Taiji is leading the effort as a traditional whale town and will contribute one vessel to the fleet that will catch minke whales. Exact locations and hunting plans will be decided based on results of research operations planned by the end of June, said Shigeki Takaya, a Fisheries Agency official in charge of whaling.
Catch quota and hunting schedule are yet to be decided. Japan’s national broadcaster NHK said the coastal whaling will start from Hachinohe in northern Japan, or Kushiro, a main whaling hub farther north, on the island of Hokkaido. Each vessel would then head southward to Chiba, near Tokyo, while making several stops along the coast before heading back to Kushiro for more hunts later in the year, NHK said. Experts are deciding the sustainable catch quota using the IWC method. Japan plans to remain as observer of the IWC.

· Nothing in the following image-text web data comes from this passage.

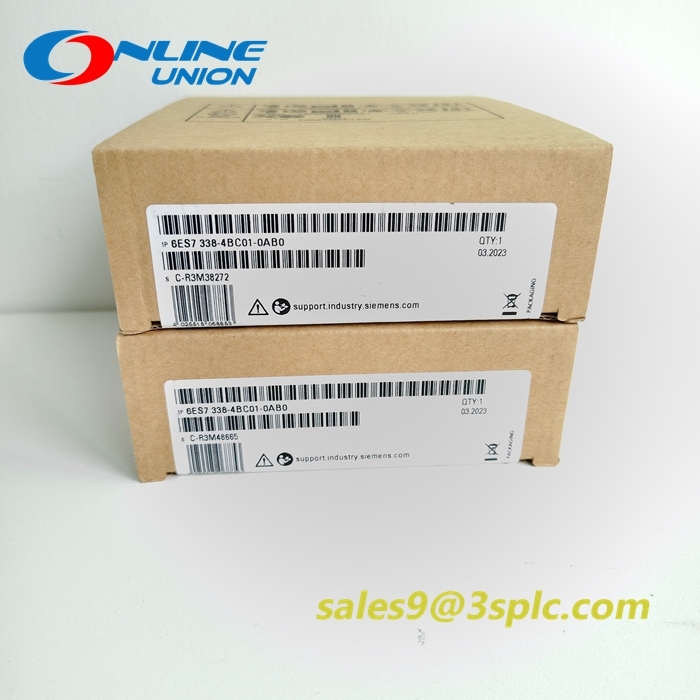 SIEMENS 6ES7338-4BC01-0AB0 S7-300 SM 338 Position Input Module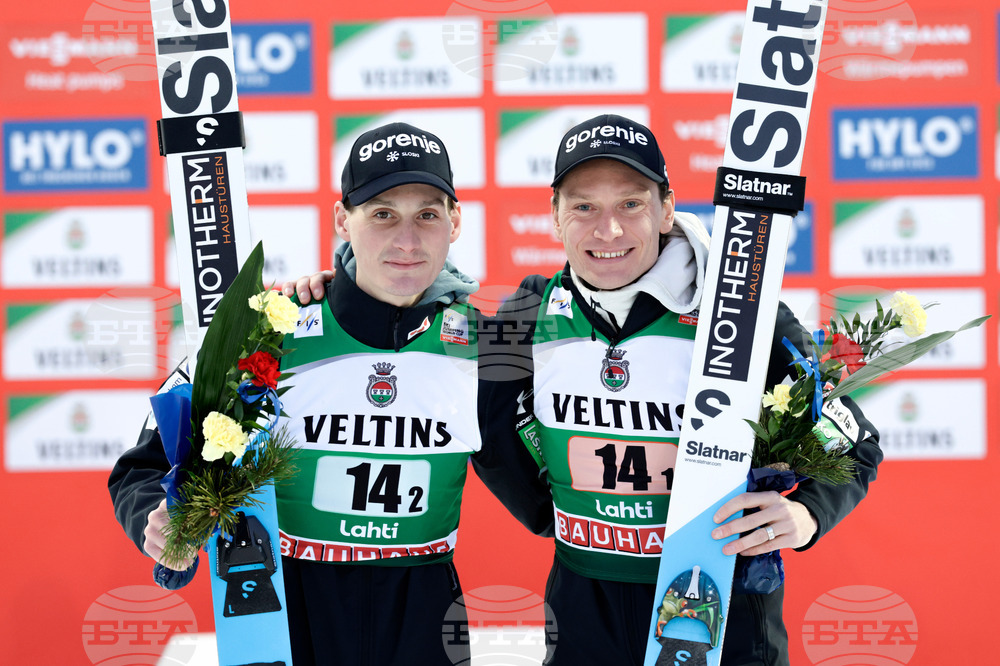 Finland Nordic World Cup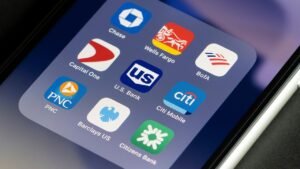 The Most Popular Bank In Each State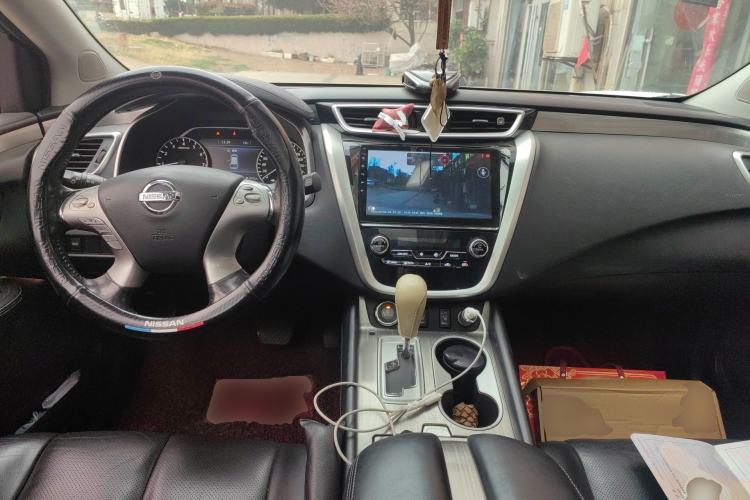 Used Nissan Murano 2015 2.5L XL Two-Wheel Drive Smart Edition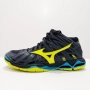 Mizuno Wave Tornado X2 Оригинални Маратонки за Зала Вентилирани 45-45.5, снимка 1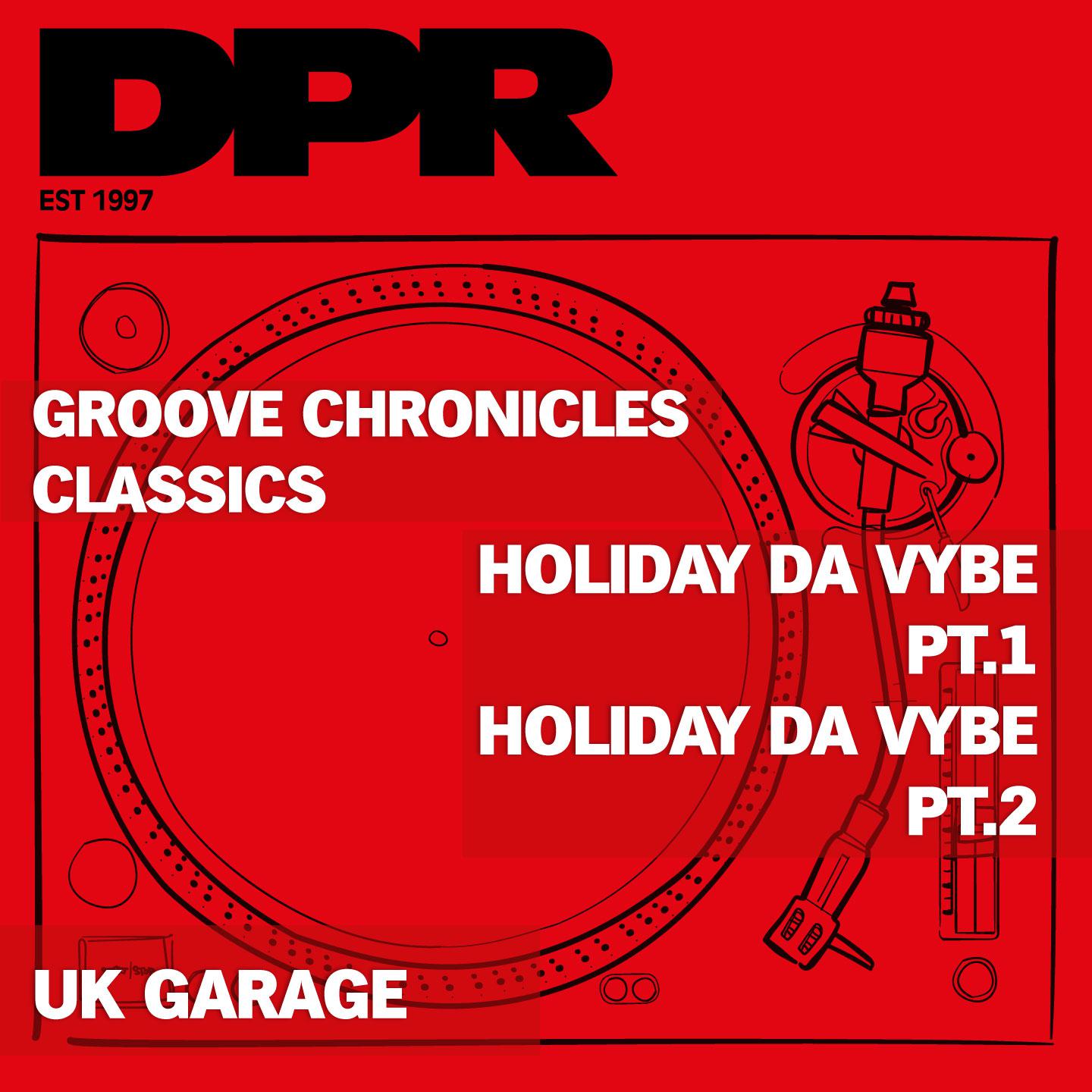 Holiday da Vybe, Pt. 1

While conservationists criticize Japan’s move, whalers’ scope of operation would be much smaller than previous research hunts and would save hundreds of whales that Japan used to catch in distant seas.
Japan will stop its much-criticized hunts in the Antarctic, where it had conducted what it called research hunts since the IWC imposed moratorium in the 1980s. Japan at its peak caught as many as 1,200 whales in the Antarctic, but has increasingly cut back on its catch in recent years as international protests escalated and whale meat consumption slumped at home.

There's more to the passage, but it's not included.